A velhice é a força resultante de uma certa vida.
Sabia que algum dia eu usaria os conceitos de Mecânica para além do vestibular, de uma finalidade imediata. Talvez este campo da Física tenha sido o único que verdadeiramente tenha gostado de estudar em exatas. Por razões que ainda desconheço, encontrar o vetor resultante das forças que atuam sobre um certo corpo me fascinava. Alguma tentativa precoce de racionalizar o caos? A dinâmica da aceleração; como saímos de um ponto ao outro, em qual direção, sentido e intensidade.
Somos hoje a resultante de ontem. Da atuação de nossa força de vontade com as forças do Universo que sobre nós atuam; como somos no tempo e no espaço. É mais fácil escorregar no piso liso e molhado pela chuva. Chega de divagação, a crônica não é metafísica. Esse paralelo veio depois que assisti Humberto D., de Vittorio de Sica, de 1952, que mostra a velhice miserável de um funcionário público aposentado.
Sem dinheiro. Sem família. Sem amigos.

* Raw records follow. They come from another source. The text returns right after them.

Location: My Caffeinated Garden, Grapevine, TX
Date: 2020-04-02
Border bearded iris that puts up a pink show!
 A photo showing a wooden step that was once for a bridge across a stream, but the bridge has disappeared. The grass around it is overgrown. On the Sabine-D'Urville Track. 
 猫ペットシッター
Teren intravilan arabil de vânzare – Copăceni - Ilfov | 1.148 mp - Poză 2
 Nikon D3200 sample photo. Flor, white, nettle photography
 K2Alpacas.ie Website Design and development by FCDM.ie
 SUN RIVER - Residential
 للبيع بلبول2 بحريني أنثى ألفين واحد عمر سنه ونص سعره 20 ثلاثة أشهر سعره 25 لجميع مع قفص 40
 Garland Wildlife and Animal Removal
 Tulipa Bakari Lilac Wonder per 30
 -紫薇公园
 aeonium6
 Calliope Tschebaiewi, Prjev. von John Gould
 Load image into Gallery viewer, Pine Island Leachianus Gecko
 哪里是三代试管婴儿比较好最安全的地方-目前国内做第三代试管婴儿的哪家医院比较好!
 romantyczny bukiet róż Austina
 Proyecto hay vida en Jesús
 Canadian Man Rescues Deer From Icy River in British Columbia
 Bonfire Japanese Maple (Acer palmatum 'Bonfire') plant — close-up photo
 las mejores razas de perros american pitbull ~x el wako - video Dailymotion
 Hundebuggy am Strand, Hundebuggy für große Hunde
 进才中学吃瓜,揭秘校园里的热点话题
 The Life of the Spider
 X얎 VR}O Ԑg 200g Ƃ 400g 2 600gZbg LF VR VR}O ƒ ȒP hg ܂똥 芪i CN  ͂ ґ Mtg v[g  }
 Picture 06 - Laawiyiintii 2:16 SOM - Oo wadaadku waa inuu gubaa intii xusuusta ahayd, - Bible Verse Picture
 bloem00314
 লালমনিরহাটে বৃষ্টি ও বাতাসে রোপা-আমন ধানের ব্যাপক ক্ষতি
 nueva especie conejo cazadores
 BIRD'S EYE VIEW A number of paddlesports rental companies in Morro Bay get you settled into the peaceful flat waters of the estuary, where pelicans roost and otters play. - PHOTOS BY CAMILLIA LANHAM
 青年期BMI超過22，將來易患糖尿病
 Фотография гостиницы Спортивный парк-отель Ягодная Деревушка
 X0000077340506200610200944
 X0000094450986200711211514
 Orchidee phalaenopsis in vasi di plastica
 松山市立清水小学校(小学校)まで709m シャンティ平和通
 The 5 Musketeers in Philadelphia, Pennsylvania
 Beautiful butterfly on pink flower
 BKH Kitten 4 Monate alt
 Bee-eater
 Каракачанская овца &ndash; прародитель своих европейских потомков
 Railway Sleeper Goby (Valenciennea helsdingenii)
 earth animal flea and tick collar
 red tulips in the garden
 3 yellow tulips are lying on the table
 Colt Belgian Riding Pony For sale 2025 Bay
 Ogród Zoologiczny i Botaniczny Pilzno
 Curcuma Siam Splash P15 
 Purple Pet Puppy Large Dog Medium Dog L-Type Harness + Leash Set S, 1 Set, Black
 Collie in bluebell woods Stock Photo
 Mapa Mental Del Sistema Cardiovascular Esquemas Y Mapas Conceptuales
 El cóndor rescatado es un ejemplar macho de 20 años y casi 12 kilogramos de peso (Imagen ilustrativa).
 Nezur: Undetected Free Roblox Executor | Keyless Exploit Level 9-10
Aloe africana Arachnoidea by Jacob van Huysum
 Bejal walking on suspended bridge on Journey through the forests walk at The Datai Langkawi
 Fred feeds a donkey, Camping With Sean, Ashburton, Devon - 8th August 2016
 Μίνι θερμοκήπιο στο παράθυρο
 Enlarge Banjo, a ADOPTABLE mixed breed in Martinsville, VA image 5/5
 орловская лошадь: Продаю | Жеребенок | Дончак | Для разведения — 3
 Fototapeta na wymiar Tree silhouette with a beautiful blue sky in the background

Sem respeito.
Um problema ambulante.
O filme começa com uma passeata reivindicando melhoras na aposentadoria. Ele aluga um quarto numa pocilga onde a dona o empresta para amantes, vê-se obrigado a vender seus livros e a mendigar para melhorar a sua vida. Tenta conversar com dois "amigos" que ainda trabalham mas é solenemente ignorado. Uma das cenas mais marcantes dá-se defronte ao Pantheon, onde o ônibus com seu colega enfim vai embora para interromper uma conversa constrangedora. O filme aborda as humilhações da velhice. Se fosse hoje, por aqui, certamente uma cena mostraria os descontos indevidos na aposentadoria do INSS.
Eu não abandonarei meus amigos na velhice.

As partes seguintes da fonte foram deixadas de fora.